Green, speaking from the United Kingdom, revealed that this was the latest threat faced by the islands after Chinese fishing vessels had illegally “encroached upon the Galápagos marine reserve.”

He also stressed that this new policy is of grave concern, because the economic situation resulting from the coronavirus pandemic, is such that they feel like they have no alternative. “The government is probably trying to help in any manner that they can. Unfortunately, I think this is a particularly misguided and unhelpful act. And in the long term, the only thing it is going to do is dissuade people from visiting the Galápagos,” he said.

Jonnathan R. Green. (Sebastian C. Green/Real Press)

He clarified that it was only some fishermen who think that this policy, supported by the government with technical advice from the Galápagos National Park, could be beneficial. One of the solutions, according to Green, would be to look at how they can restart the economy with tourism and not with fishing, “and especially not with this kind of fishing, which is devastating to wildlife.”
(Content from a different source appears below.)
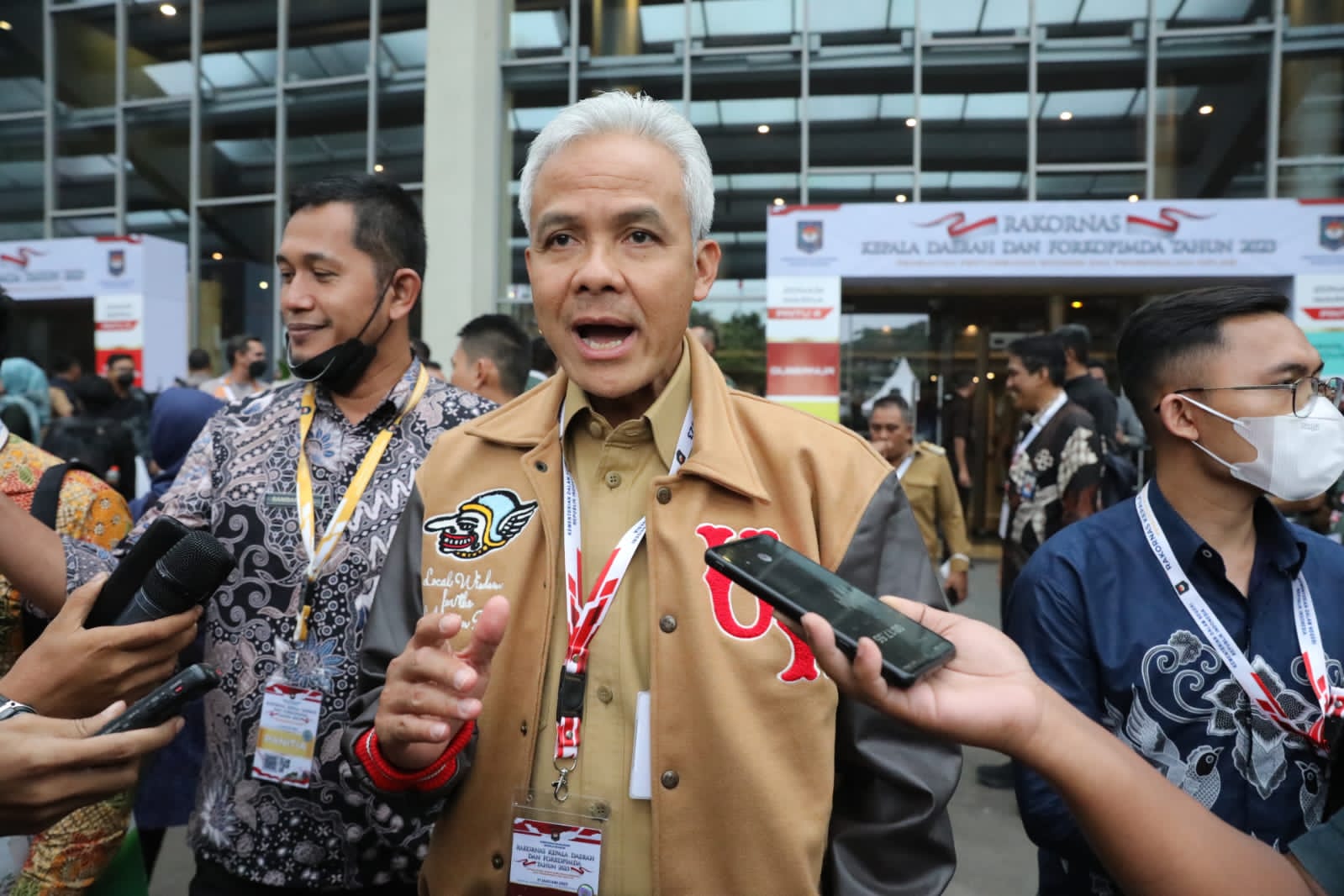 Ganjar usai menghadiri acara Rakornas Forkopimda 2023 di Sentul, Bogor, Selasa (17/1/2023)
Green started the Galápagos Whale Shark Project in the late 1980s with the goal of studying the mysterious species, believes that several problems in the area could be linked to massive over fishing. Citing Sir David Attenborough’s recent documentary, A life on Our Planet, he said that a tried and tested long-term solution would be to create more zones where fishing is banned, because this, in turn, leads to a spillover effect as replenished species of fish migrate out of the safe zones into areas where fishing is allowed.

Real Press contacted the Ecuadorian Ministry of Production, Foreign Trade, Investments and Fisheries as well as the Ministry for Environment and Water, and the Galápagos National Park for comment but had not received a reply at the time of writing.